After the battle, the city of Peltarch was faced with the moral dilemma of an overwhelming number of Prisoners of War captured during the battle. The barbarians had abandoned their disgraced comrades and refused to negotiate for their freedom. The Senate was reticent to free the men for fear they would simply regroup with their tribes to attack again. The Guildmaster of the Seafarer's at that time, Ruith "Red Blood" Snydders, convinced the Senate to grant him possession of the prisoners and dispense them as slaves. Washing their hands of the whole affair, the Senate granted Snydders request, in essence condoning the slave trade in Peltarch. Snydders took several of the more brutal and loyal men and used them as his own personal bodyguard. The rest he sold into slavery to the town of Hoarsgate and some whispered rumors that some slaves were even sold to the Giants of the Giantspires. The Seafarers, having tapped into a lucrative monopoly in human chattel, refused to stop with the sale of the prisoners, and began the dirty business of buying and selling.
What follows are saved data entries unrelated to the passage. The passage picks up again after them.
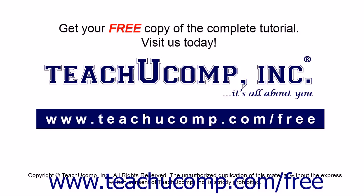Get your free copy of the complete tutorial at www.teachucomp.com/free.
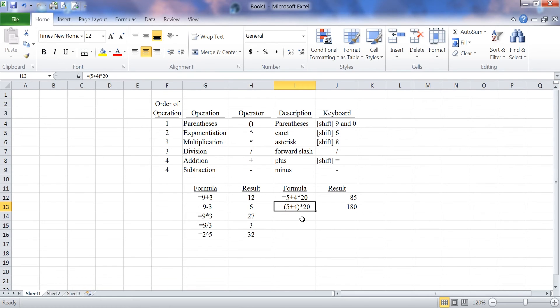And this concludes the segment on learning how to use parentheses and parenthetical expressions in a formula.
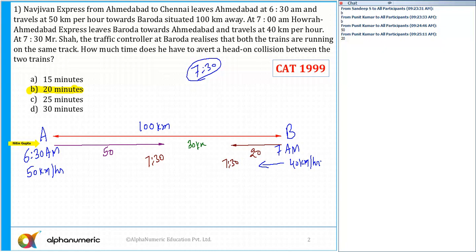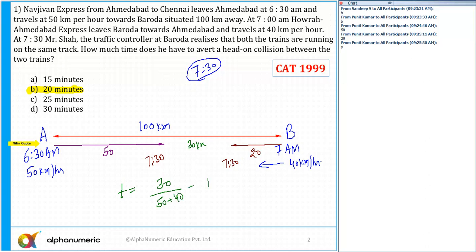The time is equal to distance divided by relative speed. The distance between both trains at 7:30 is 30 kilometers. Since both are traveling towards each other, the relative speed is 50 plus 40 = 90 km/h. So the time is 30 divided by 90, which is 1/3 hour, equal to 20 minutes. The answer is option B — 20 minutes.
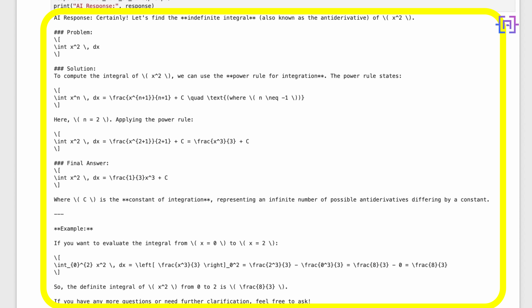The API provided a detailed solution for integrating x squared, breaking down the problem using LaTeX formatting. It demonstrated strong mathematical reasoning by applying the power rule, showing each step clearly, and even verifying the answer using differentiation. The response was structured with clear sections: problem statement, solution process, final answer, and verification — making it highly educational and easy to follow.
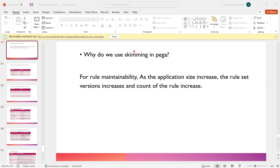So the main purpose of skimming is rule maintainability. As the application size increases, the rule set versions increase and the count of rules increases. Instead of having multiple copies, we maintain a single copy. For that reason we have skimming. Now, there are two types of skimming operations: one is major version skimming and the other is minor version skimming.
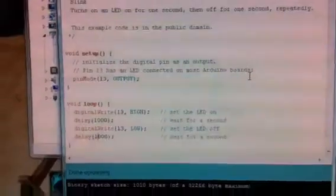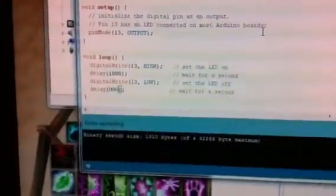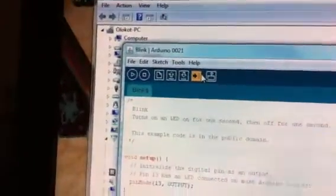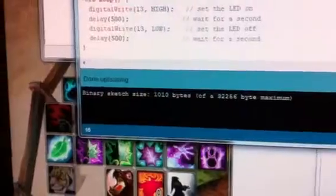There's the code. We can change that so that it's just a half a second, or 500 milliseconds, and we'll go ahead and upload it. And then it says when the sketch uploading done.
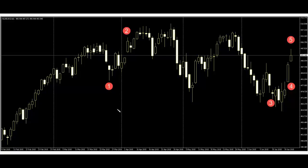Candlestick window trading. Here is a window between body and body. Here is a window between body and body. Here is a window between body and body.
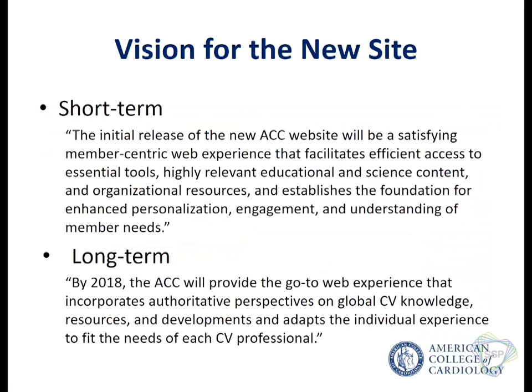We came up with two visions, because we're the American College of Cardiology — one vision is not going to be good enough for us. In the short term, we wanted to provide credible, authoritative information in an easy-to-find, intuitive way, and lay the groundwork for personalized information with more community engagement. Our long-term goal — which is by 2018, and I'm not sure we're going to meet that — is to adapt content to the individual needs of the user, which is turning out to be quite a challenge.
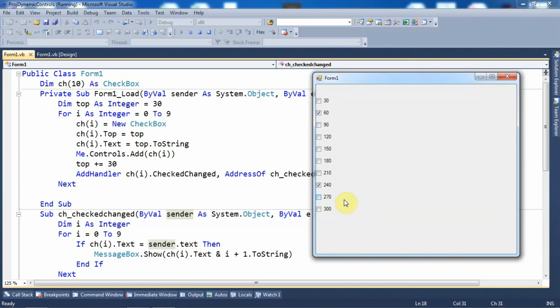So friends, this is how we can create an array of controls dynamically at runtime and add those controls on the form. This is the end of the tutorial. If the tutorial is helpful to you, please like the video, subscribe to the channel, and hit the bell icon so you never miss an update. Thank you.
While many in the city opposed slaving, foremost the Wavebreakers, it was over a hundred years until the practice could be stopped due to the Seafarer's immense influence on the Senate. It was around this time that a new guild began to be whispered about in the shadowy inns and back corners of Peltarch. At first only operating in complete secrecy, it quickly became known as the Blood Spiders, for their ritual tattooing of a spider on member's necks and arms. Coinciding with their appearance were several assassinations of key Wavebreakers and Senators who opposed the slave trade, though no connection was ever made public. This new guild was little more than a gang of assassins and ruffians that used terror and brute force to further their goals. Despite their reputation, they seemed on good terms with both the Seafarers and the Senate, and often the Guard would turn a blind eye to any wrongdoing.
Opposition to the slave ring, the Seafarers, the Blood Spiders, as well as the obvious corruption in the Senate and the government's support of these foul organizations, led to open rebellion. The resulting conflict set the Senate to enforce draconian law in an attempt to keep the unrest at bay; many of these laws are still on in effect to this day. Eventually the power of the populous overcame the power of profit and the Seafarers, and a law prohibiting slavery was enacted. During these 100 years of unrest, a new group appeared on the scene. Eventually the will of the populous overcame the power of profit and the Seafarer's hold on the Senate waned. A law was passed outlawing slavery forever in 1208 DR. The Wavebreakers never recovered from the mass assassinations they were dealt and fell into a downward spiral of recession and poverty. The lowest blow came when they were forced to sell their own guild house in 1271 DR to the Seafarers.
The Wavebreakers still exist, recruiting only when necessary and have fallen into deep decline. The Blood Spiders had their charter ratified, becoming a legitimate guild in 1354 DR, but have shown little interest in any real capital ventures and have remained mostly secretive. The Seafarer's rose to ultimate prominence in the years of its latest guild master, Vaster Ashald.